Voice packed with passion
Bain brings his dynamic style to a new Harvard class
Some students were seasoned veterans. Some were novices, with jitters. Some had committed their work to memory; others had jotted their thoughts on paper that trembled slightly in their hands. In a sign of the times, many read their compositions from their phones.
Undergraduates gathered at Farkas Hall last week to audition for a workshop that taps into the power and poetry of language. Harvard’s new dramatic arts offering “Hip Hop and Spoken Word: Theater Performance Laboratory” is being taught by visiting lecturer Bryonn Bain, an activist, rapper, poet, and musician.
Bain is no stranger to campus, having graduated from Harvard Law School (HLS) in 2001. He’s also no stranger to using spoken word to make a point. In 1999, he was arrested and briefly detained for a crime he didn’t commit, an experience he drew heavily on to create “Lyrics from Lockdown.”
Taking to the stage first, Bain performed an excerpt from the show, a rush of song, poetry, and prose. Several of his collaborators also took turns — singing, rapping, or delivering searing and soul-searching poetry.
Although he has HLS on his resume, Bain never intended to practice law. He went to law school, he said, “to understand power, and to figure out how to get access to it, how to utilize it, and how to move social justice forward.”
After graduation he poured his energy into hip-hop and spoken-word performances, lecturing, and causes related to the nation’s prisons. He has brought his message and his one-man show to high schools, colleges, and correctional facilities.
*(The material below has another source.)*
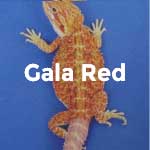 Gala Red Phase Baby Bearded Dragons For Sale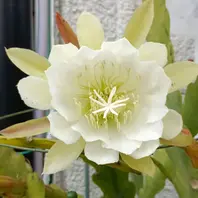 25/06/08,クジャクサボテン白(品種不明)「多肉植物」のアルバム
Back on Harvard’s campus he hopes to bridge the disconnect between the work coming out of the nation’s poetry slams and its rich hip-hop movement and what many consider the “academic, armchair, tweed-jacket-with-the-pipe poets.”
Like Shakespeare, who created his verse in the language of the time, “hip-hop and spoken word is the voice of the next generation,” said Bain. “It’s important to create a space to nurture those voices and to give them an opportunity to talk about the issues that matter to them in a language that resonates with them.”
The course, he added, offers students the chance to “think about the history and the politics and the culture of the art form while learning how to write and perform their own work.”
Artists from poet Nikki Giovanni to pop princess Nicki Minaj, as well as texts from the Harlem Renaissance and the black arts movement, will feature prominently in the class, as students “workshop verse for the page and stage.” But Bain also plans to draw on the students’ interests to shape the curriculum.
The first class assignment — 10 questions requiring nothing more than a little introspection — is an attempt to connect with their psyches and playlists. “What is the soundtrack to your life?” read one. Another asked, “How would you spend the perfect day?” Bain also wanted to know whom the students would correspond with if there were only “three envelopes and stamps left on the planet.”
“My approach to pedagogy is to not design anything without a sense of who is in the class,” said Bain. “Who you teach is just as important as what you teach and how you teach.”
He hopes the class will also help students think more deeply about the nation’s penal system, and get them accustomed to being in the spotlight. The course work will likely include a visit to a prison, and a midterm exam consisting of a performance on a subway platform.
Sophomore Jalem Towler auditioned for the class with a work titled “Take Me Away,” about a teen growing up in a dangerous neighborhood. Towler, who wrote rap and poetry in high school, said he is eager to study something he loves.
“I am excited about this class,” he said, “mostly because I finally get to take a class that specializes in my passion.”